→ **Problem to solve**
Within the data that follows, set down exactly the lines from the one containing "A long table" through the one containing "Indonesian President Joko", both ends included.

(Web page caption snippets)
----------------------------------------
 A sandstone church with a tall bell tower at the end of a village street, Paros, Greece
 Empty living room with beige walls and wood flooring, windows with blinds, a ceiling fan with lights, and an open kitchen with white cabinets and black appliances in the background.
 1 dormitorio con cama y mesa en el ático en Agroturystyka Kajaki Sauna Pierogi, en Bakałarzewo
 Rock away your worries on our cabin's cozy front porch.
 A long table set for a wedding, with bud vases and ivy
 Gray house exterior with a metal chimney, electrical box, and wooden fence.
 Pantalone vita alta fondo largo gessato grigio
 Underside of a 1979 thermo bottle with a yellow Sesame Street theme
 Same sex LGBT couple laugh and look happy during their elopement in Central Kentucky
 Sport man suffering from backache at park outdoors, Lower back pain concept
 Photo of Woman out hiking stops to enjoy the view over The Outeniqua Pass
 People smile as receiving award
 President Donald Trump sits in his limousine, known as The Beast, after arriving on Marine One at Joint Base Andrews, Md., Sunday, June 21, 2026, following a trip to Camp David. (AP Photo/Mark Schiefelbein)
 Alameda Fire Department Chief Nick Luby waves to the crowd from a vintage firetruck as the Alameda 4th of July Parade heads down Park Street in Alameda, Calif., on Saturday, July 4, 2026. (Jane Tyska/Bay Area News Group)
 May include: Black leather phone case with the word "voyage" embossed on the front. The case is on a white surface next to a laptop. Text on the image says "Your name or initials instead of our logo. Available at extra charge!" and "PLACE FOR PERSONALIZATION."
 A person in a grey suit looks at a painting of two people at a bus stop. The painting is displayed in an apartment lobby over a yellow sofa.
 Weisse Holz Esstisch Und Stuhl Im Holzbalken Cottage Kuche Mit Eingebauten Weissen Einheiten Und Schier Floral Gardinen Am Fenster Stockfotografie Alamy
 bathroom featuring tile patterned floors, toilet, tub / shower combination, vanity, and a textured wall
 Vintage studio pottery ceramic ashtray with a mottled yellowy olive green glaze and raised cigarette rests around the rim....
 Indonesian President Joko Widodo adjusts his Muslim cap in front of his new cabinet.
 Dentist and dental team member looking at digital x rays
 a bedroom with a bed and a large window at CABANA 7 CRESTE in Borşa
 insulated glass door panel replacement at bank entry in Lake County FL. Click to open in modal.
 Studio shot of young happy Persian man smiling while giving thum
----------------------------------------
→ **Written answer**
 A long table set for a wedding, with bud vases and ivy
 Gray house exterior with a metal chimney, electrical box, and wooden fence.
 Pantalone vita alta fondo largo gessato grigio
 Underside of a 1979 thermo bottle with a yellow Sesame Street theme
 Same sex LGBT couple laugh and look happy during their elopement in Central Kentucky
 Sport man suffering from backache at park outdoors, Lower back pain concept
 Photo of Woman out hiking stops to enjoy the view over The Outeniqua Pass
 People smile as receiving award
 President Donald Trump sits in his limousine, known as The Beast, after arriving on Marine One at Joint Base Andrews, Md., Sunday, June 21, 2026, following a trip to Camp David. (AP Photo/Mark Schiefelbein)
 Alameda Fire Department Chief Nick Luby waves to the crowd from a vintage firetruck as the Alameda 4th of July Parade heads down Park Street in Alameda, Calif., on Saturday, July 4, 2026. (Jane Tyska/Bay Area News Group)
 May include: Black leather phone case with the word "voyage" embossed on the front. The case is on a white surface next to a laptop. Text on the image says "Your name or initials instead of our logo. Available at extra charge!" and "PLACE FOR PERSONALIZATION."
 A person in a grey suit looks at a painting of two people at a bus stop. The painting is displayed in an apartment lobby over a yellow sofa.
 Weisse Holz Esstisch Und Stuhl Im Holzbalken Cottage Kuche Mit Eingebauten Weissen Einheiten Und Schier Floral Gardinen Am Fenster Stockfotografie Alamy
 bathroom featuring tile patterned floors, toilet, tub / shower combination, vanity, and a textured wall
 Vintage studio pottery ceramic ashtray with a mottled yellowy olive green glaze and raised cigarette rests around the rim....
 Indonesian President Joko Widodo adjusts his Muslim cap in front of his new cabinet.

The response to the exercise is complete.